O governo financiaria jovens que iriam para os quartéis serem doutrinados com “OSPB” e, depois, por 200 reais por mês, estariam disponíveis para “ações governamentais”. OSPB nem matéria escolar é. Tenho 49 anos, portanto, sou da geração que teve OSPB e Moral e Cívica na escola, se dava nesta matéria, aquilo que cada escola desejava. Obviamente que, usando-se as forças armadas para amestrar jovens, através de “OSPB”, não vai se ensinar a eles “direitos humanos”. Jovens pobres (nenhum jovem de classe média vai se alistar para ganhar 200 reais por mês) que serão doutrinados e estarão ao dispor do Bolsonarismo, para qualquer ação por uma ninharia, e tudo pago com dinheiro público. Óbvio que temos que evitar isto e como evitar isto, a maior tragédia é que de maneira clara e aberta o bolsonarismo tenha coragem de propor a criação de uma milícia paga com dinheiro público, sem acobertamentos, sem subterfúgios.
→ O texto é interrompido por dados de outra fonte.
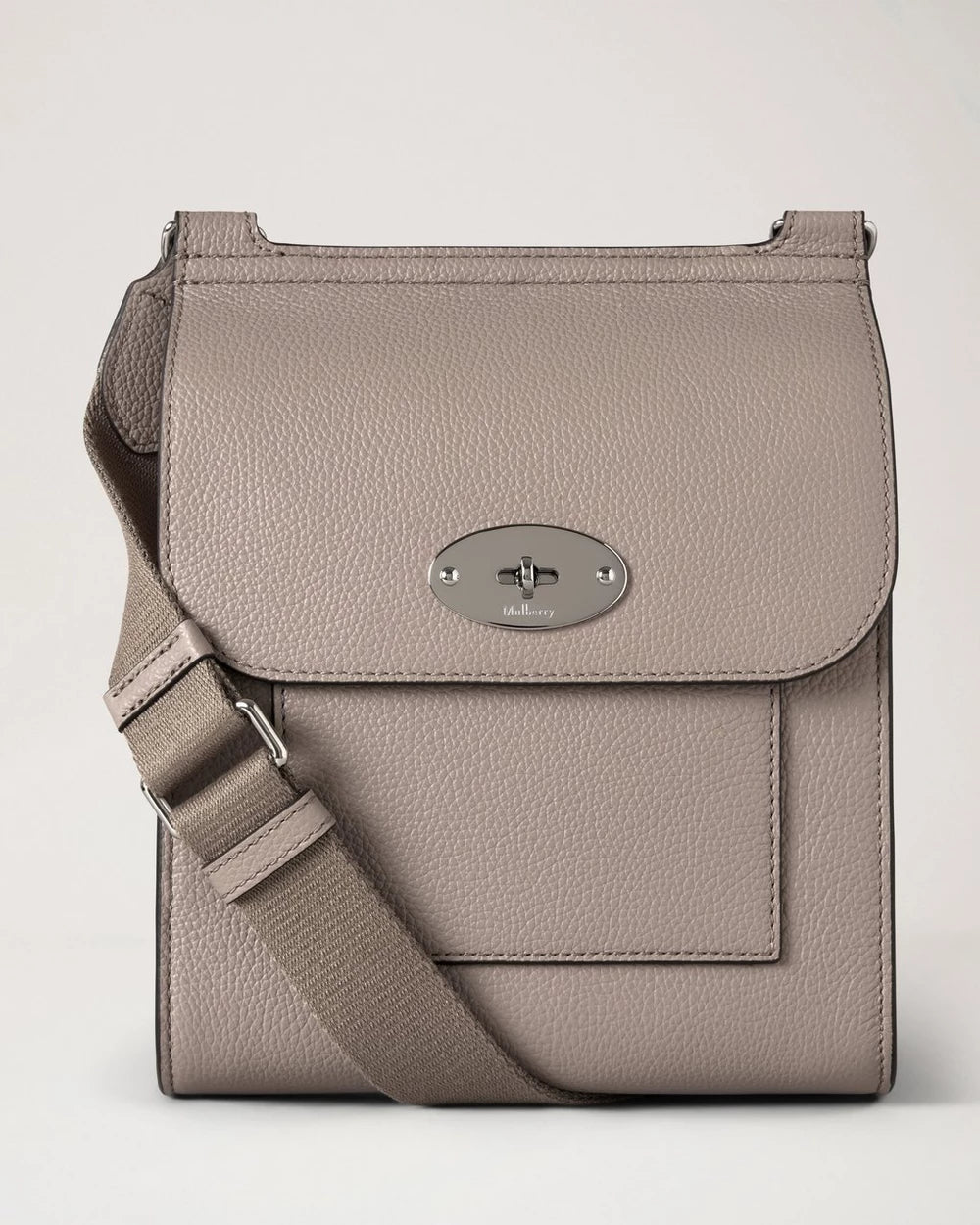 Small Antony, Cashmere Taupe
O anjo da história, tese IX de Benjamin, olha para o passado, para a sucessão de tragédias e catástrofes, para o sofrimento dos humilhados e derrotados, mas é impelido por um vento irresistível para o futuro. É impossível parar a roda da história, mas sim, é possível evitar as catástrofes, as tragédias, antes que elas aconteçam. O bolsonarismo já desdenha ocultar que declarou uma guerra de morte à frágil democracia brasileira. Temos que estar alertas e desarmar seus planos, destruir sua tentativa de criação de um gigantesco exército paramilitar. Ou paramos esta construção, o autômato do mal absoluto e estrutural, ou ele ficará maior que Bolsonaro.
Um exército de paramilitares, milicianos, armados até os dentes, de jovens alistados e mal pagos para cumprir tarefas de uma seita nazista, lutando contra um inimigo imaginário, é uma séria ameaça à democracia, que está sendo arquitetada, tijolo por tijolo, frente a nossos olhos complacentes.